如今之中国高校,如上者有实才受拥戴之名师几何?
一位颇有见地的某名校文科状元,喜欢追逐名师,北京名校名师的课听过不少,让我们听听他的看法:
“我有个很要好的外国朋友经常说,中国的大学老师和他们的大学老师很不同。外国的老师衬衫牛仔裤,上课非常随意,经常坐在课堂上把大家围扰在一起讲课,学生常常跟老师提出不同意见,有的还把老师的故事编成喜剧在学校里公演。有时候老师不讲课,让同学自己讲,鼓励学生表达自己的观点,培养学生独立思考的能力。他们是轻松活泼自由民主,我们是呆板填充和机械式的,所以国内很多高校同学上课不积极,总想着办法逃课去玩,或在寝室睡大觉。我有很多同学大学四年里逃掉了60%以上的课,这样的人据我所知还不在少数。

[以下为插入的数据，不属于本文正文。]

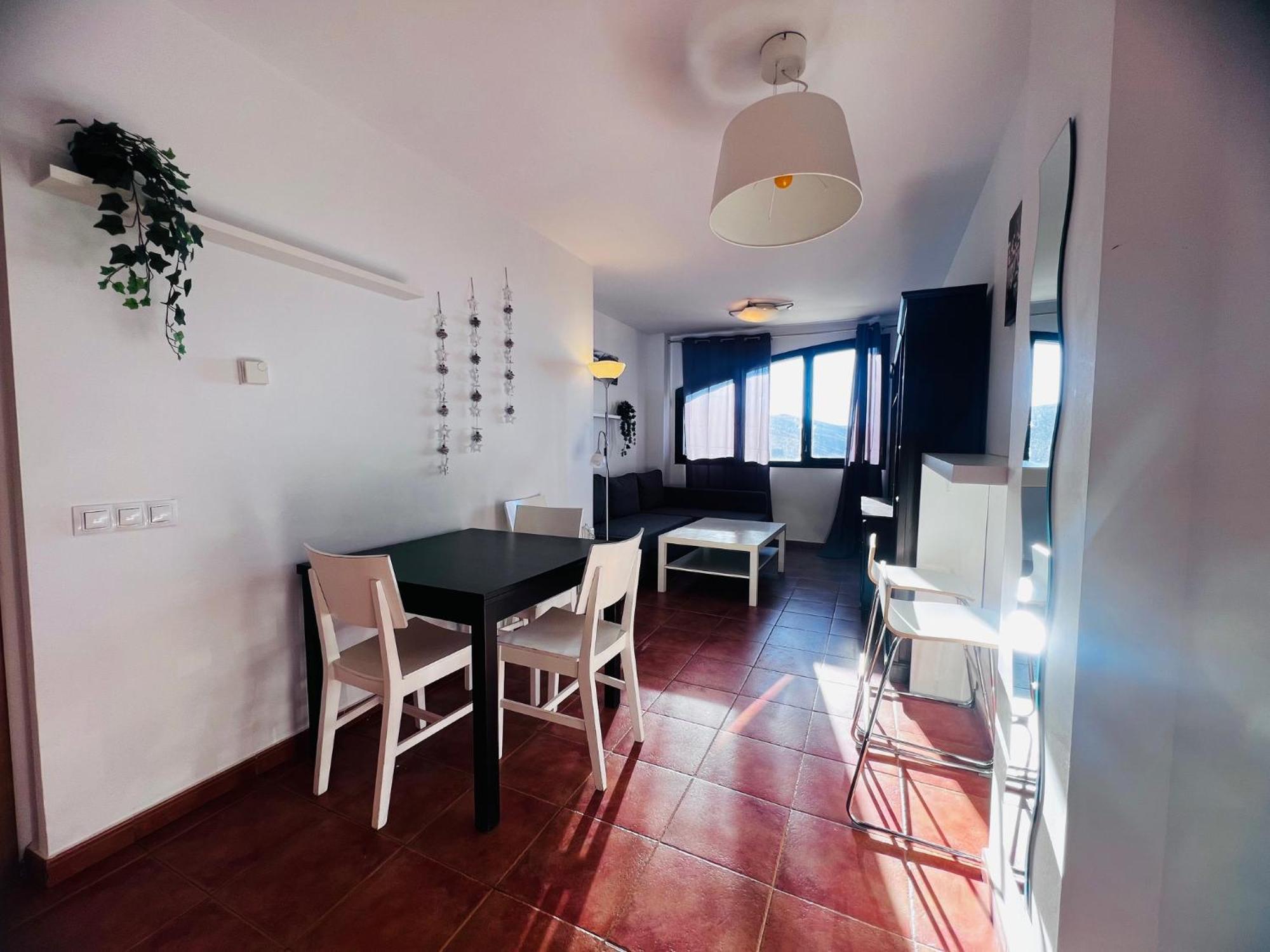 Apartamentos Sierra Nevada Prime Bluettravel Ngoại thất bức ảnh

说到这儿,还想谈谈学校里专业课开设的问题。现在的很多大学里不少专业都属于旧时代的过气产物,这些专业非常冷门也缺乏实用性,很多学生毕业后在社会上找不到合适的工作—因为这些假大空的专业用不上呀!想想苦学了四年甚至七八年,却因为专业的原因东漂西晃,多郁闷呀。可是这也没办法,学校开设这门课总有人要读吧。我就听吉大计算机系的同学说过,他们有某门课早就是没有价值的废课了,但这个院的副院长只会教这门课,如果取消那门课那副院长不就丢了饭碗吗?那哪儿成呀!

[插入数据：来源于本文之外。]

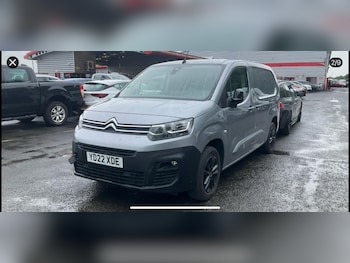 Used Citroen Berlingo 2022 for sale - 79008792: Photo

除了专业设置不科学,落后时代以外,也有些老师责任感不强,对学生近乎淡漠。他们一心赚钱,忙着在外面炒更兼职,有的课次都上不满,考试的时候提前划些范围或者出些容易的,大家一齐蒙事过关,你好我好。我们院曾有位班主任在考试前让学生将自己期望的分数写到试卷后面,结果学生随便写的分数竟然最后成了卷面上的真正分数。曾经有一位名校的心理学导师就问自己的弟子:你是谁的学生?这个一点不夸张,我在现场,亲耳听到过。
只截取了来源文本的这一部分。